I tutaj pojawia się wymiar historii, o którym już tak bardzo nie lubimy słuchać.  Nie każdego z nas cieszy powrót tych, którzy zbłądzili. Gdy patrzymy na całą sytuację obok, wtedy często bliżej nam do faryzeuszy, którzy patrzą na ludzi wyliczając ich dobre i złe uczynki. Kiedy cała sytuacja dotyczy kogoś innego, wtedy już tak chętnie nie słuchamy o kochającym Bogu, który chce przyjąć każdego. Jeśli my już kogoś przekreśliliśmy, to dlaczego Bóg go przyjmuje?

Często jako przykładni, porządni ewangelicy myślimy o sobie bardzo wiele. Byliśmy ochrzczeni, konfirmowani, może nawet chodzimy do kościoła co niedzielę, żyjemy w miarę przykładnie i wydaje nam się, że nikomu za bardzo nie szkodzimy.
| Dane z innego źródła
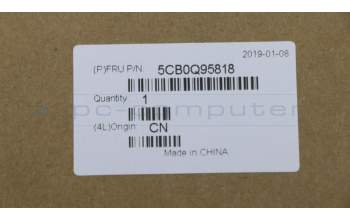 Lenovo 5CB0Q95818 COVER LCD Cover C 81CT Platinum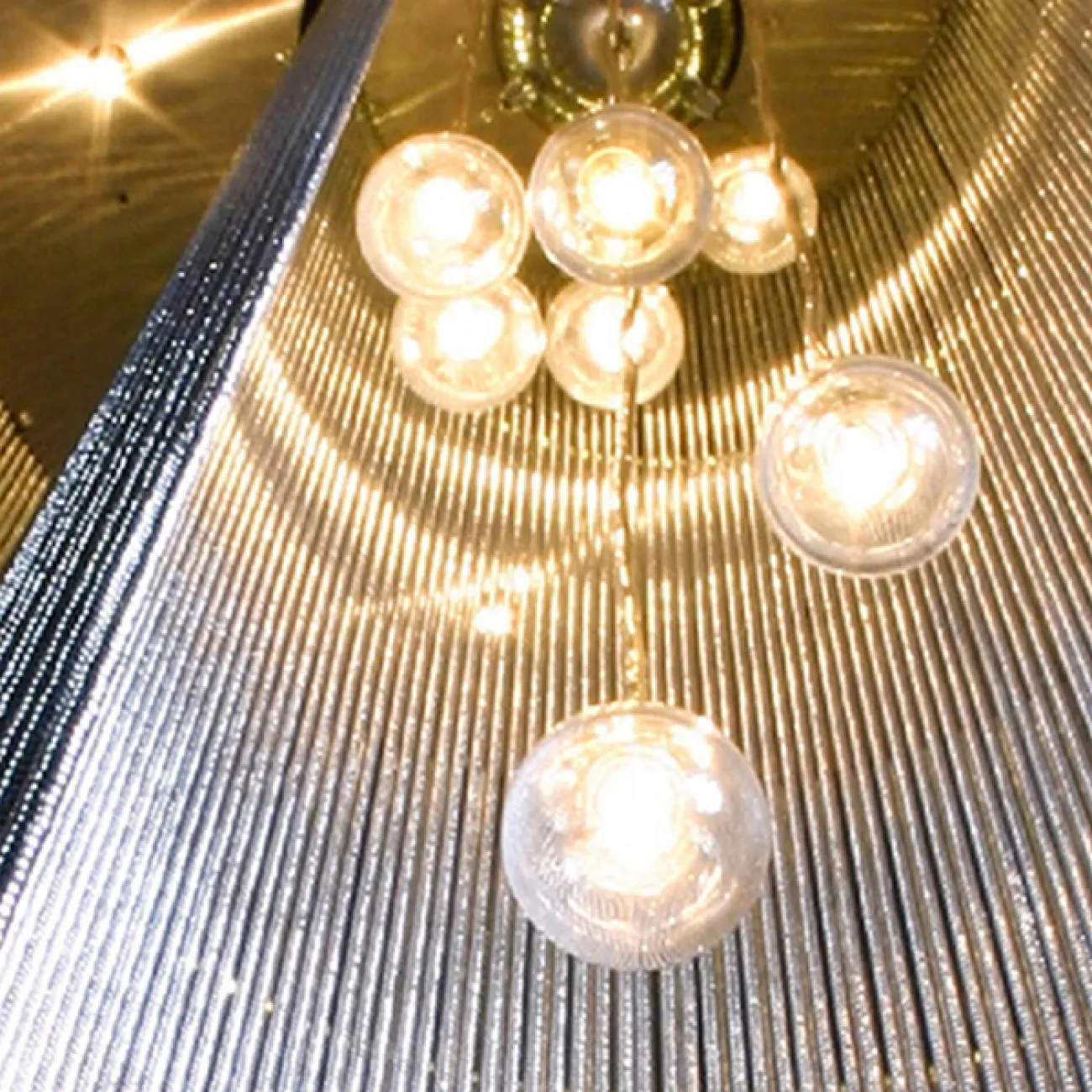 Подвесная люстра CONCORDIA GOLD D80 Chrome от ImperiumLoft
Gdy spotykamy kogoś, kto jest naszym dokładnym przeciwieństwem, kogo życie pozostawia wiele do życzenia i nie pasuje do ideału, który mamy gdzieś z tył głowy, wtedy nie raz pojawiają się w nas osądzające myśli. Przecież Bóg nie może potraktować jego tak samo jak mnie. On nie zasłużył. Nie zasłużył na wybaczenie, nie zasłużył na Boża miłość i na to, żeby mógł zacząć życie od nowa. Nawet jeśli tego nie powiemy, to gdzieś w nas siedzi często takie ludzie poczucie sprawiedliwości jak u starszego syna, które nakazuje nam upominać się o swoje. Boża sprawiedliwość jest jednak zupełnie inna i w pełni rozumiemy ją dopiero wtedy, gdy zdamy sobie sprawę z tego, jak wiele nam przebaczono, gdy zauważymy, że to nasze przykładne życie wcale nie jest takie idealne jak myśleliśmy.

Jednak nasza postawa wobec innych ludzi mówi o nas bardzo wiele. Wśród wielu powodów jakie podają ludzie, którzy zniechęcili się do Kościoła, jest właśnie odtrącenie przez jego członków. Co prawda Bóg przebacza nawet wtedy, gdy ludzi nie przebaczają, ale to właśnie my jako wierzący jesteśmy powołani do tego, by całym swoim życiem pokazywać na Niego. Pokazywać na tego, który zawsze wybacza i daje to, na co nie zasłużyliśmy. Zastanówmy się do której postawy nam bliżej. Czy do kochającego ojca, który nie pyta, tylko wybiega na spotkanie czy do starszego syna, który jest zazdrosny i nie chce się dzielić miłością ojca z młodszym bratem?